LOCAL GOVERNMENT TERMS END 1ST MARCH 2023
By this time next month Mayors and Chairpersons of local councils would have left office. Their terms of office would end on the first of March, according to the Ministry of Local Government. We are based in Freetown and we pay our taxes here so our attention is on our dear Mayor Kemokai of the Freetown City Council.
Our Mayor spent many years in her other country and was sent here by the great ruler of that country ostensibly to help us fight Ebola. Once the battle was over, the woman who would become our Mayor entered the State House to work on some project and make the necessary contacts to represent Tolongbo at the FCC. Now after FIVE years we are scratching our heads trying to find what the people of this great city would point to in celebration of FIVE years of Mayor Kemokai.

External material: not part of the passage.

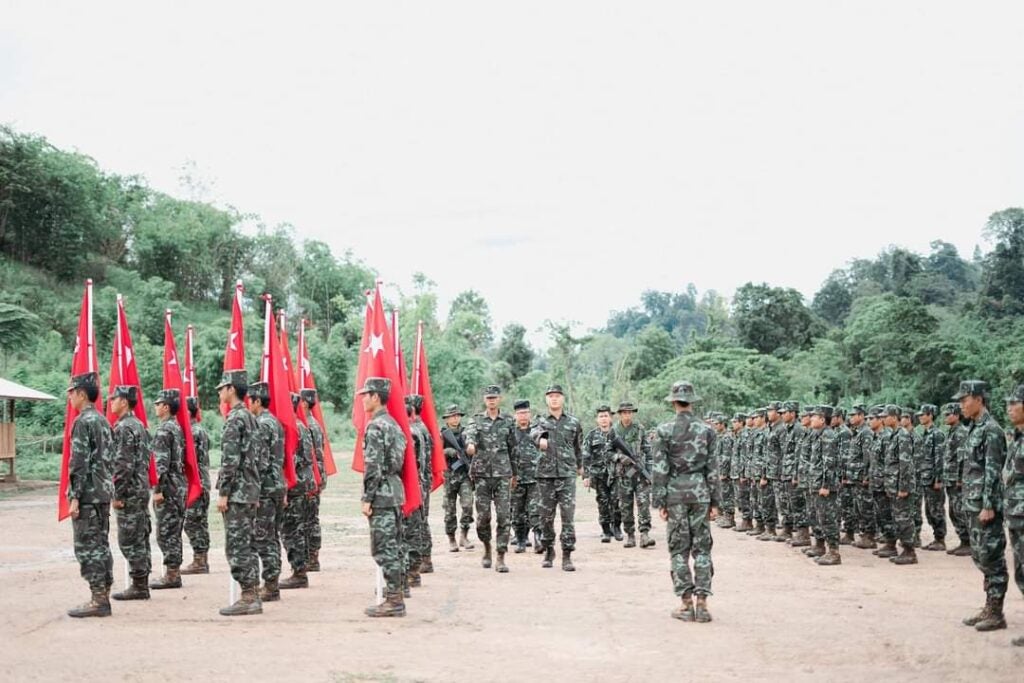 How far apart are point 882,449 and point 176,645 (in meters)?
10.5

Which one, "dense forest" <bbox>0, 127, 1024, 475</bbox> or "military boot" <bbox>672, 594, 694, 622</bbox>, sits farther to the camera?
"dense forest" <bbox>0, 127, 1024, 475</bbox>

First of all we want to advise Mayor Kemokai to make sure she clears all her belongings from City Hall as she leaves office on the last day of February. The people of Freetown have a verdict to deliver and it could go for or against our Mayor. It’s not the easiest thing to be told to return to your old office to collect your stuff on the morning after an election defeat.

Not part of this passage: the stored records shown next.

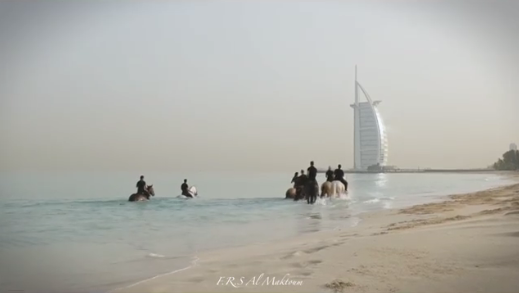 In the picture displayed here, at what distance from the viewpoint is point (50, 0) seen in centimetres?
520

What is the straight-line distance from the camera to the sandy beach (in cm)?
279

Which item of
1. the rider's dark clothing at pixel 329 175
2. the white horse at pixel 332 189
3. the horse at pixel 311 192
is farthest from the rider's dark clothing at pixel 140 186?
the rider's dark clothing at pixel 329 175

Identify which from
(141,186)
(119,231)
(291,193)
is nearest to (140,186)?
(141,186)

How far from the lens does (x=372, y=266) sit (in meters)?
3.06

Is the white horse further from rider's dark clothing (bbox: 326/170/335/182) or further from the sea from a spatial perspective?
the sea

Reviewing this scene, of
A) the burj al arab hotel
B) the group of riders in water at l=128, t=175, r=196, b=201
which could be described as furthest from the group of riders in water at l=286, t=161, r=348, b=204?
the group of riders in water at l=128, t=175, r=196, b=201

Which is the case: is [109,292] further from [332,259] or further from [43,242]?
[43,242]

Between now and the end of February, we will be publishing some articles trying to make sense of Mayor Kemokai’s FIVE years in office. For now let’s see how some of her people would react on her last day in office.
1. THE CHIEF ADMINISTRATOR – Mayor Kemokai once asked for this guy to be moved from FCC. She just couldn't see eye to eye with him as he tried to assert his authority as a big man in FCC with some powers over budget and program implementation. The Chief Administrator would hope that Mayor Kemokai is defeated in June. Well, he wouldn’t know who the next mayor would be but just seeing the back of Mayor Kemokai would de-traumatize him.
2. CORE AND GENERAL STAFF OF FCC – After FIVE years of marginalization, these people would emerge from the cold thanking God that the era of a mayor pretending they didn’t matter was over.
3. MAYOR’S DELIVERY UNIT – Our Mayor was warned in official documents to disband this so-called delivery unit and to refund monies spent on the people she put in that group. We understand she has paid every cent to the ACC to avoid a very messy litigation. What we don’t know is whether members of that unit simply melted away or were given another name. They will miss overseas travels and fat per diem payments. Our advice is that team members should simply return to their second home in Europe and leave Sierra Leone in peace.